Second Easley appointee resigns
Posted May 20, 2009
Raleigh, N.C. — For the second time in a week, a major supporter of former Gov. Mike Easley has resigned amid state and federal investigations into the former governor's dealings with friends and contributors.
Transportation board member Cameron McRae, who reportedly flew Easley on his corporate jet, submitted his resignation to Gov. Beverly Perdue, and she accepted it.
McRae, a Bojangles' restaurant franchisee from Kinston, had served on the powerful transportation board for more than eight years. Easley appointed him to a third four-year term shortly before leaving office in January.
The News & Observer newspaper recently reported that McRae had flown Easley in his plane at least twice, but neither man disclosed the flights in campaign finance reports.
State law requires transportation board members to provide details of campaign activities. Also, the unreported flights violated a state ban on corporate political contributions and exceeded the limits placed on individual contributions.
The FBI last Friday subpoenaed Easley's travel records as part of a growing probe into his activities while in office. Investigators also have questioned people about vehicles provided to the governor's family and about a coastal land deal in which he was involved.
"If the federal government's involved, if there is a federal grand jury investigation, it's a big deal," said Dan Boyce, a former federal prosecutor who represents a potential witness in the case.
Still, Boyce said, questions don't always mean guilt.
"I've been involved in scores of investigations over the years on both sides where nothing ever comes of it," he said.
On Tuesday, the FBI subpoenaed records from North Carolina State University about the hiring and promotion of Easley's wife, Mary Easley.
Mary Easley began working as a part-time instructor at N.C. State in 2002. Since 2005, she has served as an executive-in-residence and senior lecturer, developing a speakers program and teaching a graduate course in public administration and courses in the Administrative Officers Management Program, which provides leadership training to law enforcement officers.
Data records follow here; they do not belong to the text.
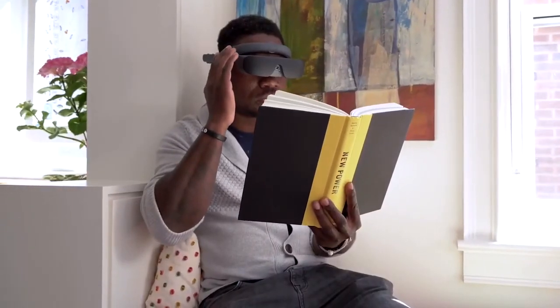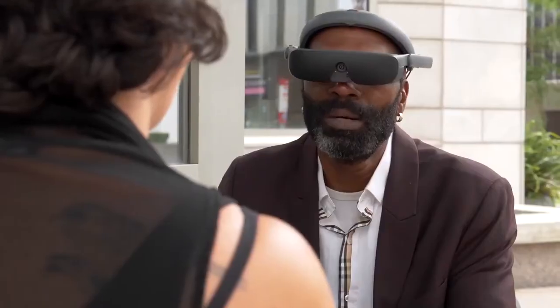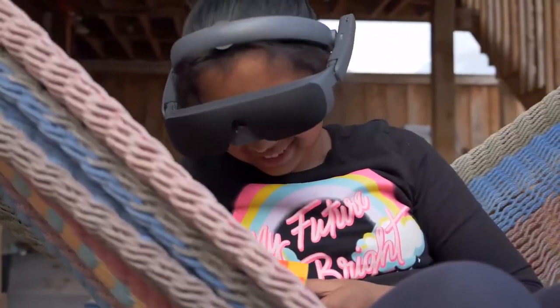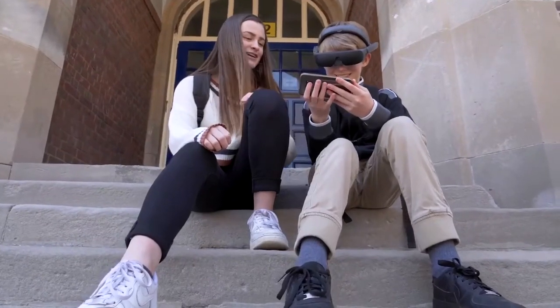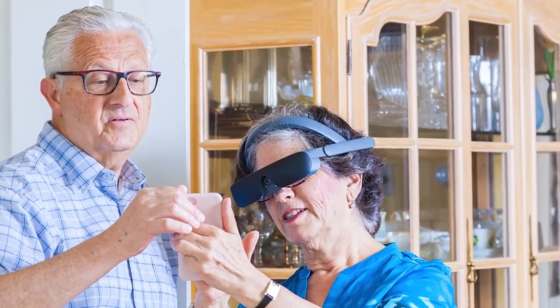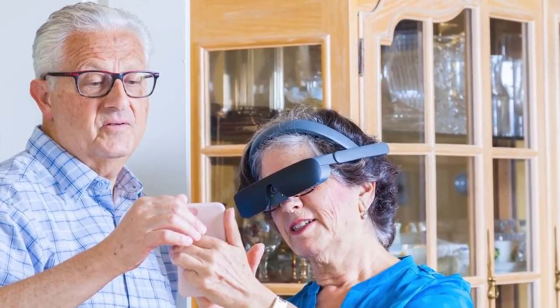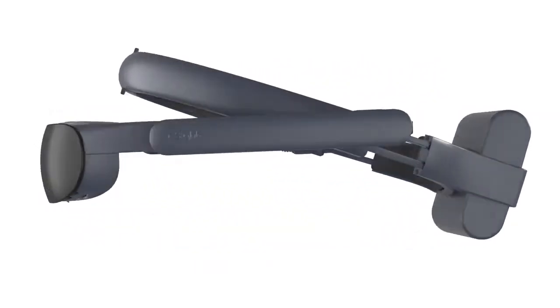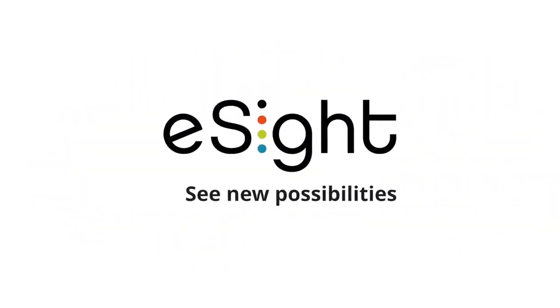Designed for ease of use, eSight 4 provides interactive learning sessions, making it easy for users to learn new features when they are ready. Connected to the internet by Wi-Fi, eSight 4 users receive automatic updates and access to the latest enhancements. Whether you're an individual with partial sight, a distributor of assistive technology, or an eye care specialist — join the community helping thousands of people with low vision and legal blindness see new possibilities.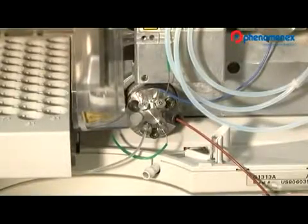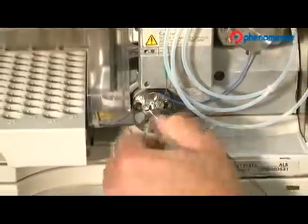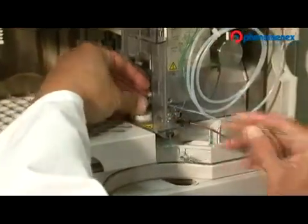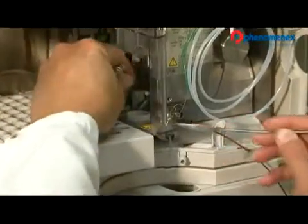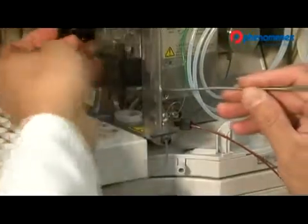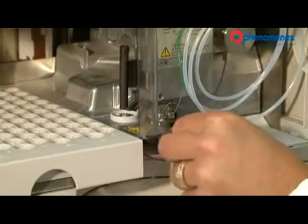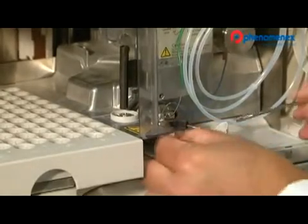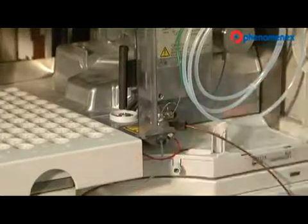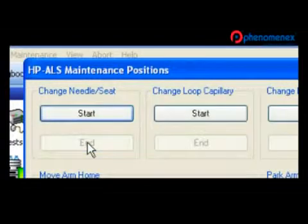I'm disconnecting the current needle seat — first removing the connection to the injector valve, and then with a gentle pry I can remove the unit from the housing with a spatula. Now I can replace it with the low volume needle seat, reconnect the fitting, and with a quarter turn at the end — there. Remember to come back to the software and end the program, or you will have some big problems.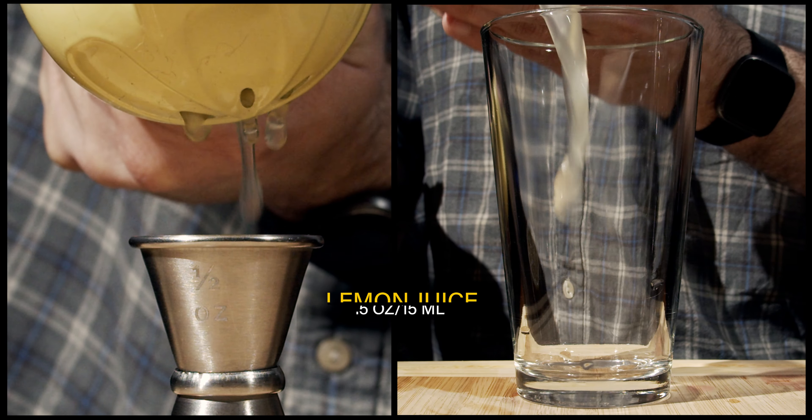We're going to fill this tin up with some crushed ice — we are going to whip-shake this. Just remember that crushed ice is going to dissolve and dilute a lot faster, so give it a super-quick flip and shake it with a smile. Pop that off with the strength of a thousand limes.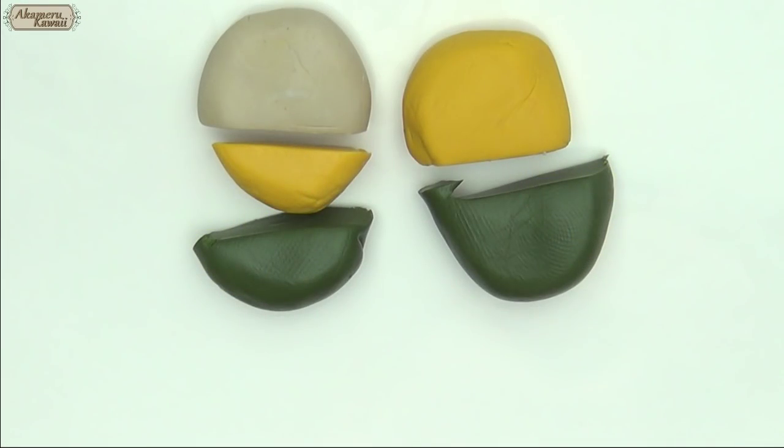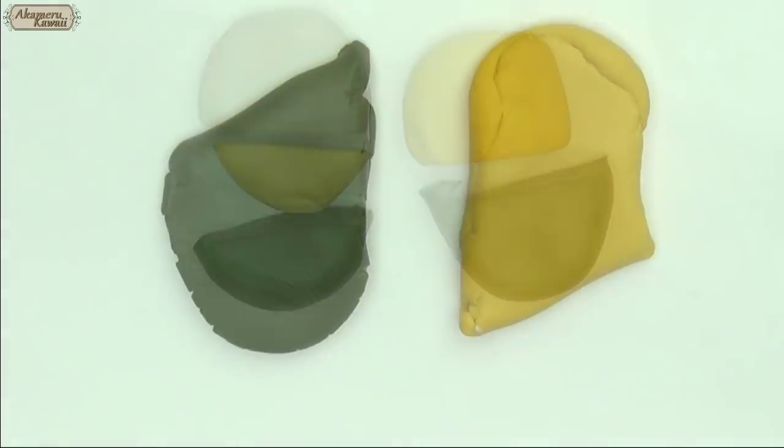For the outside cane, I mixed these opaque colors and made a slight fading effect by rolling them together.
Last year, she received an 88 percent pay increase, to $170,000 a year. N.C. State officials defended the move, saying she had taken on additional duties, such as directing pre-law services at the university and serving as a liaison to area law firms and law schools at other universities as she developed a dual-degree program.
Provost Larry Nielsen, who hired her in 2005, submitted his resignation last Thursday, citing stress over questions about her. N.C. State Board of Trustees Chairman McQueen Campbell resigned the following day, saying he didn't want questions about Mary Easley to become a distraction for the university.
Mike Easley twice appointed Campbell to the university board, and The News & Observer reported that Campbell also flew Easley on his private plane but never disclosed the flights in campaign finance reports.
Nielsen and N.C. State Chancellor James Oblinger have been subpoenaed to testify Thursday before a federal grand jury about Mary Easley's hiring and promotion.
Oblinger and University of North Carolina President Erskine Bowles have called on Mary Easley to resign, but it's unclear whether they would take the decision out of her hands.
"I'm hoping Mrs. Easley will do the right thing," Oblinger said Wednesday.
The State Board of Elections on Friday closed its file on Mike Easley to the public, indicating that officials there have formally begun a criminal investigation of his campaign finances.